*** Opening of Extracted records ***

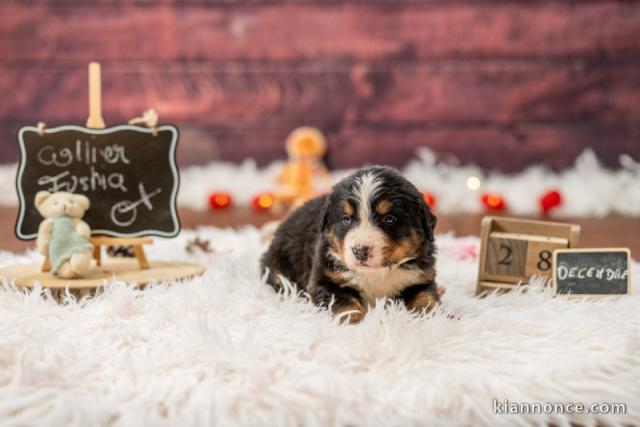 Dons bébé chiot bouvier bernois disponible 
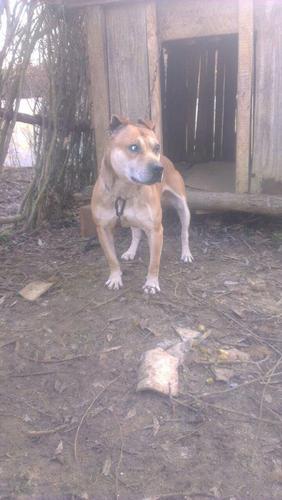 Qen pitbull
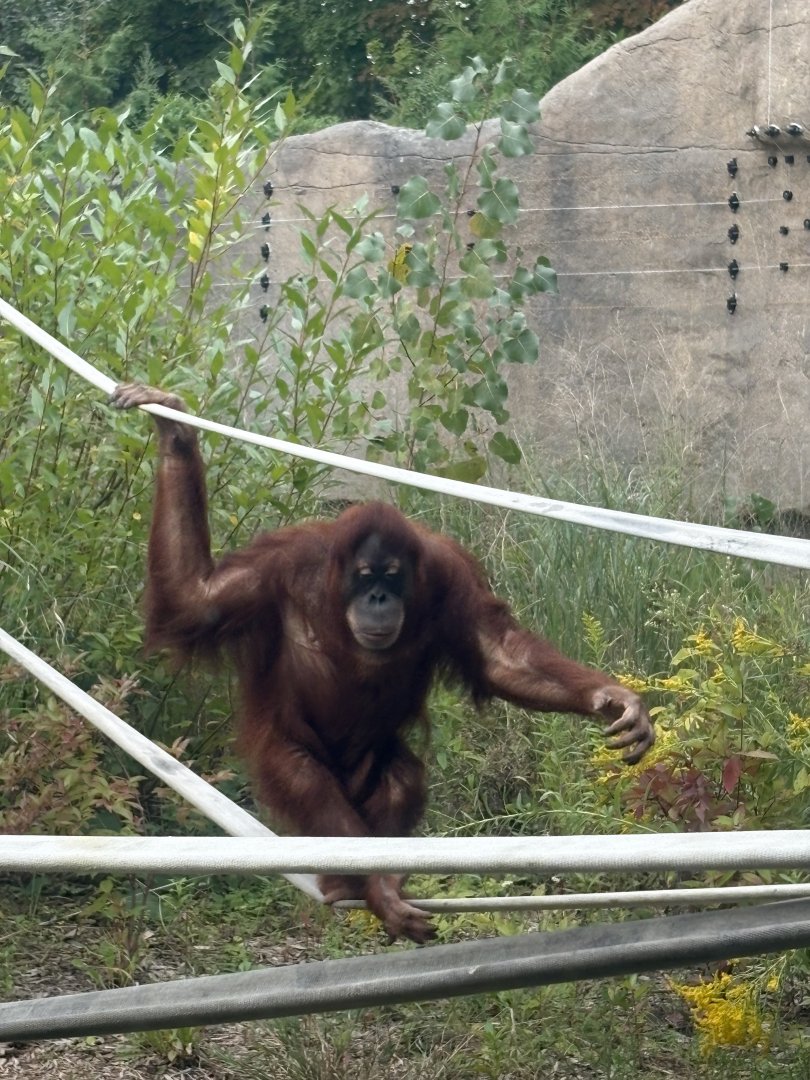 Sumatran Orangutan “Jingga”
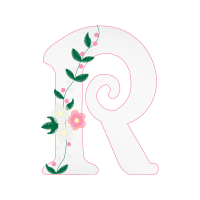 Visual Arts Other Visual Arts Other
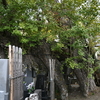 高照寺ノ乳公孫樹　(傳光山 高照寺・勝浦朝市発祥之地)　〜結婚記念日29th ドライブ①〜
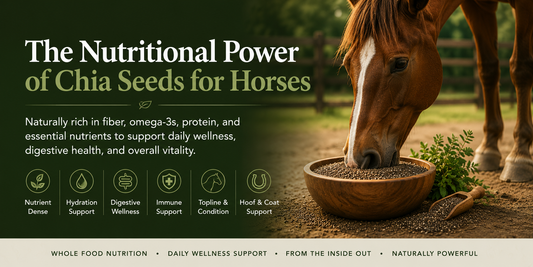 The Nutritional Power of Chia Seeds for Horses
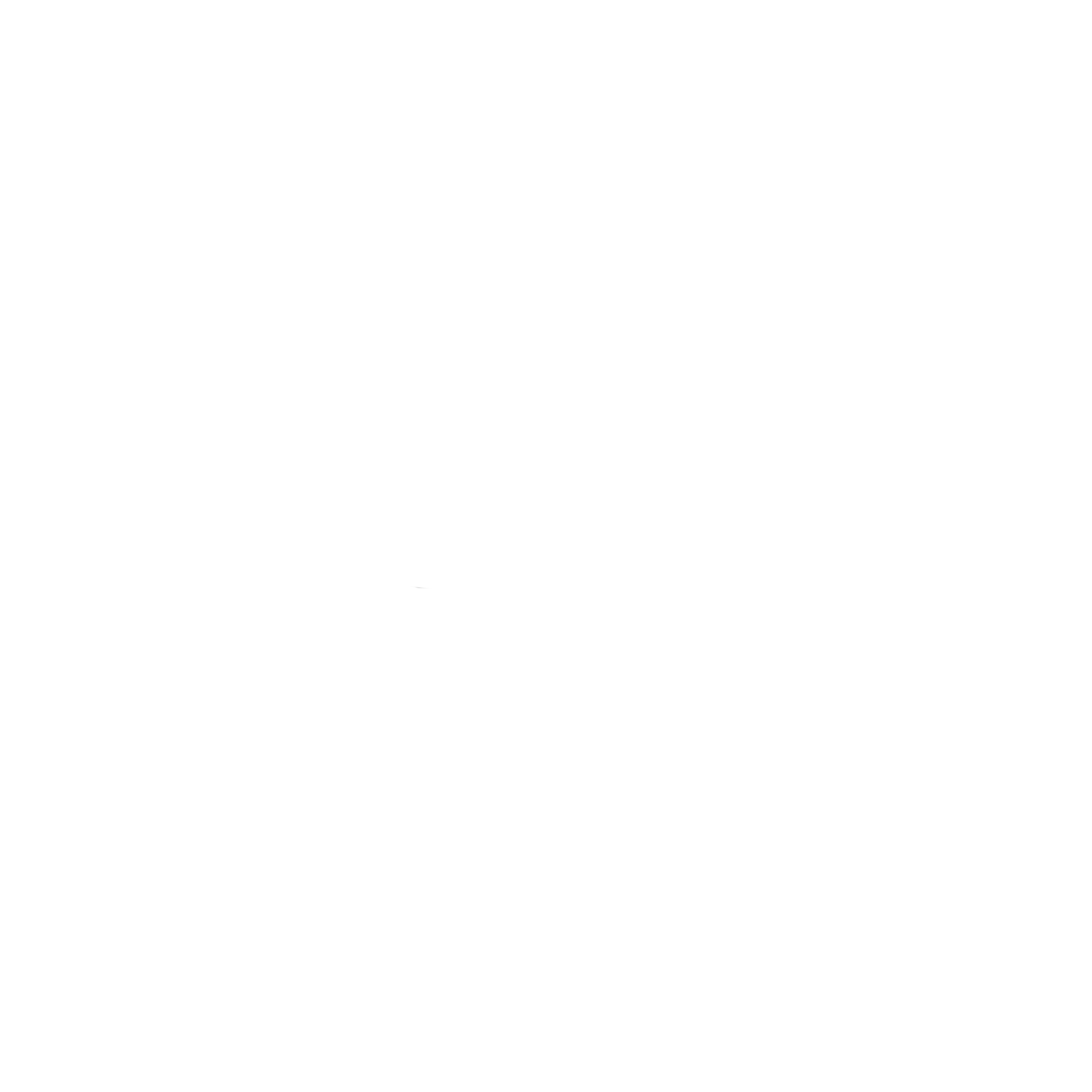 Domotic Concept Icon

*** Close of Extracted records ***

Without copying any images, transcribe the records exactly as they stand.

Solution for this exercise:
 Dons bébé chiot bouvier bernois disponible 
 Qen pitbull
 Sumatran Orangutan “Jingga”
 Visual Arts Other Visual Arts Other
 高照寺ノ乳公孫樹　(傳光山 高照寺・勝浦朝市発祥之地)　〜結婚記念日29th ドライブ①〜
 The Nutritional Power of Chia Seeds for Horses
 Domotic Concept Icon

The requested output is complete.